Ponadto ochrona przed złośliwym oprogramowaniem podpisanym kodem jest niezwykle trudna. Utrzymanie aktualności systemu i pakietu antywirusowego jest bardzo ważne, unikaj klikania nieznanych linków i dokładnie sprawdź, dokąd prowadzi jakikolwiek link, zanim podążysz za nim.

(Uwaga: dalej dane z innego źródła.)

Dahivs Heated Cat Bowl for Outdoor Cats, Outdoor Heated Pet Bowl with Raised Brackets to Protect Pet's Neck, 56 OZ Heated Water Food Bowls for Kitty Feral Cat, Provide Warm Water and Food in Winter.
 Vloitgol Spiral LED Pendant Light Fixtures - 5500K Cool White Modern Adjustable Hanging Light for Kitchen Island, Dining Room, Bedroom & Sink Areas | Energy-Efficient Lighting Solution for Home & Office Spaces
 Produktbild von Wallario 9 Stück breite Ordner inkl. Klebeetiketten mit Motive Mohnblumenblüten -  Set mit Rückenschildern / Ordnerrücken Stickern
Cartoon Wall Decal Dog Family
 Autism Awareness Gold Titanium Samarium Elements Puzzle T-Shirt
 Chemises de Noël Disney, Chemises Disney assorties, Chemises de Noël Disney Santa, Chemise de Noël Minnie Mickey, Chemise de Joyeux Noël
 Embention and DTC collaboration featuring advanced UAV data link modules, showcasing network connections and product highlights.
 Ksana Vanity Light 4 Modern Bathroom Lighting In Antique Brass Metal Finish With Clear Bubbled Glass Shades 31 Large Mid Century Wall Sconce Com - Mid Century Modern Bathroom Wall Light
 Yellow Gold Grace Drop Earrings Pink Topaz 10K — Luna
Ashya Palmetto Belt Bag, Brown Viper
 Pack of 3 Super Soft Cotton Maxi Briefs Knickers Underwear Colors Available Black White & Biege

Oprócz aktualizacji oprogramowania antywirusowego sprawdź naszą listę sposobów uniknięcia złośliwego oprogramowania Oprogramowanie antywirusowe to za mało: 5 rzeczy, które musisz zrobić, aby uniknąć złośliwego oprogramowania Oprogramowanie antywirusowe to za mało: 5 rzeczy, które musisz zrobić, aby uniknąć złośliwego oprogramowania Bądź bezpieczny online po zainstalowaniu oprogramowania antywirusowego, wykonując następujące kroki w celu bezpieczniejszego korzystania z komputera. !




Jeszcze bez komentarzy

4 genialne sposoby dokonywania fałszywych aktualizacji statusu Facebooka [Tygodniowe porady na Facebooku]
Media społecznościowe
5 tajemnic sukcesu w blogowaniu w małych firmach
Media społecznościowe
Konwertowanie profilu na Facebooku na stronę Co się dzieje?
Media społecznościowe
O nowoczesnej technologii, prostej i niedrogiej.
Twój przewodnik w świecie nowoczesnych technologii. Dowiedz się, jak korzystać z technologii i gadżetów, które nas otaczają każdego dnia i dowiedz się, jak odkrywać ciekawe rzeczy w Internecie.